A wearable dataset for predicting in-class exam performance would likely include data from wearable devices such as smartwatches or fitness trackers that capture physiological information about the wearer during the exam period. This might include:
- Heart rate data: to monitor stress levels and indicate periods of high focus or anxiety.
- Activity level data: to determine if the student is restless or distracted during the exam.
- Sleep data: to assess the impact of poor sleep on exam performance.
- Environmental data: temperature, light exposure, etc.
Researchers conducted an experiment in which they collected a set of physiological data from students over the course of three exams. They collected multimodal physiological data with a smartwatch-like wearable device. The smartwatch-like wearable device was used to provide a seamless data collection experience for the students participating in the experiment.
Stress has a negative impact on physical health, lowers work productivity, and results in significant annual costs for industries and healthcare. While high stress is known to increase the risk of cardiovascular disease and have negative effects on mental health, it also has significant effects on one’s ability to complete tasks under either excessively high or excessively low stress. There has been growing research interest on understanding how real-world stress impacts our body and performance, at work and across life activities.
Researchers conducted an experiment in which they collected a set of physiological data from students over the course of three exams. They collected multimodal physiological data with a smartwatch-like wearable device.
Attempts to simulate their impact in the laboratory or elsewhere, however, are less useful than datasets gathered in real-world situations. As a result, researchers have fewer real-world stress datasets to work with. Such datasets are even more uncommon when used in longitudinal studies on the same subjects over time.
Real-world situations are unrestricted environments as well. Access to research-grade equipment is frequently restricted, and motion artifact contamination is widespread. These are still some of the most significant barriers to automated emotion decoders outside of research labs.
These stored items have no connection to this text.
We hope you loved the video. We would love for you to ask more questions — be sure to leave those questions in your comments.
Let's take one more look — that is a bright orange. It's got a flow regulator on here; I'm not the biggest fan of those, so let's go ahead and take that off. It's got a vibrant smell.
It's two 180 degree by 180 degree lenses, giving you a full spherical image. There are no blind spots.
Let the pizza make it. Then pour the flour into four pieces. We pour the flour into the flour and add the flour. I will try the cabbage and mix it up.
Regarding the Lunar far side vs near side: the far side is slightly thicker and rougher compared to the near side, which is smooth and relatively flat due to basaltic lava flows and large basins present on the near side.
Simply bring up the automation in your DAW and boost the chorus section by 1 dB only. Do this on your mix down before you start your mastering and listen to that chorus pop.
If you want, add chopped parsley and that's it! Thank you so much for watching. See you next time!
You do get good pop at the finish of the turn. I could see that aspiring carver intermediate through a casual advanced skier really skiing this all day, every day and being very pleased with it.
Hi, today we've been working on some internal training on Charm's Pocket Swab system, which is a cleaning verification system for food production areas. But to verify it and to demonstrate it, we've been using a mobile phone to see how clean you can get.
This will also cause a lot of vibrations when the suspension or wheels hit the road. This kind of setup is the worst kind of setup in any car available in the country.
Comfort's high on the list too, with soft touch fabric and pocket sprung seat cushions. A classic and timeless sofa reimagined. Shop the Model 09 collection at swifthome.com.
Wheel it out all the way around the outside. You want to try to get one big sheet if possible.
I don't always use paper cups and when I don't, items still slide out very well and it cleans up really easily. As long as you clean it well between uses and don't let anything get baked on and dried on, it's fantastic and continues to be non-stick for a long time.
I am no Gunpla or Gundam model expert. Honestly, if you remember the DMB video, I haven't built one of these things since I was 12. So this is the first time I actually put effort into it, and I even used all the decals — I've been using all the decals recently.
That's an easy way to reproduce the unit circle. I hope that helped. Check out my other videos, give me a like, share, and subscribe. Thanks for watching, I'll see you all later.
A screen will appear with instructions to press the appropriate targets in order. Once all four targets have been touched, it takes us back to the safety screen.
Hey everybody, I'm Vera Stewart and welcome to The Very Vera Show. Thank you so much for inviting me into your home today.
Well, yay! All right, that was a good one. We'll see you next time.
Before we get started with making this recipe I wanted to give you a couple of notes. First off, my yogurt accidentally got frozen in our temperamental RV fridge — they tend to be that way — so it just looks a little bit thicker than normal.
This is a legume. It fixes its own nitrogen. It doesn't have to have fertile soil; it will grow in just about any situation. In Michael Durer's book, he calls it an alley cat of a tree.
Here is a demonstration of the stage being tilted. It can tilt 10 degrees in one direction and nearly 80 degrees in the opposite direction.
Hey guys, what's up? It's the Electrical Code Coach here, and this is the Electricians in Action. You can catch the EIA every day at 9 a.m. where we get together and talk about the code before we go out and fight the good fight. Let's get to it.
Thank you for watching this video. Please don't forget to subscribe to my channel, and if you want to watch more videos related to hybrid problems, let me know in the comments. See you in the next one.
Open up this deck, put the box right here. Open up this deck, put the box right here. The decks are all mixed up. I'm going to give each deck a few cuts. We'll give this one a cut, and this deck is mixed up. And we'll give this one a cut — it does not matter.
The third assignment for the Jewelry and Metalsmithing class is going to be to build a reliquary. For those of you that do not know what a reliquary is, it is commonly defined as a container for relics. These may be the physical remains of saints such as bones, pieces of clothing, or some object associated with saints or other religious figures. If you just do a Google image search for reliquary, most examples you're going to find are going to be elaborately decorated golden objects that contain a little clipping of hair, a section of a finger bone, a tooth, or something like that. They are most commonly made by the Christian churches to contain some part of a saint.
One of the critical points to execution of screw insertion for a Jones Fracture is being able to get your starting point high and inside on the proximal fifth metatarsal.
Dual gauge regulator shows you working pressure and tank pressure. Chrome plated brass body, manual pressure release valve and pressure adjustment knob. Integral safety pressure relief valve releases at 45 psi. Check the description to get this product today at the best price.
To address the aforementioned gap, Rose Faghih and her former Ph.D. students Md. Rafiul Amin and Dilranjan Wickramasuriya conducted an experiment in which physiological data from students was collected over the course of three exams. They collected multimodal physiological data using a smartwatch-like wearable device. The smartwatch-like wearable device was used to provide students participating in the experiment with a seamless data collection experience.
The investigation shows that it is possible to link the variations in the physiological signals to the exam performance. More details about this study can be found in the corresponding publication titled “A Wearable Exam Stress Dataset for Predicting Grades using Physiological Signals.”
To enable other researchers, use this dataset for additional investigations, the research team has made the de-identified data publicly available on the PhysioNet platform. A Wearable Exam Stress Dataset for Predicting Cognitive Performance in Real-World Settings is available at: https://physionet.org/content/wearable-exam-stress
Finally, the researchers believe it would be extremely beneficial to consider how exam performance and the stress that comes with it interact. It will enable a wide range of potential applications with the goal of improving personal performance. This could help scientists develop effective interventions to improve each individual’s performance and increase productivity within a company, for example. Additionally, the knowledge can be applied in online and remote learning contexts to effectively connect with students and improve learning outcomes.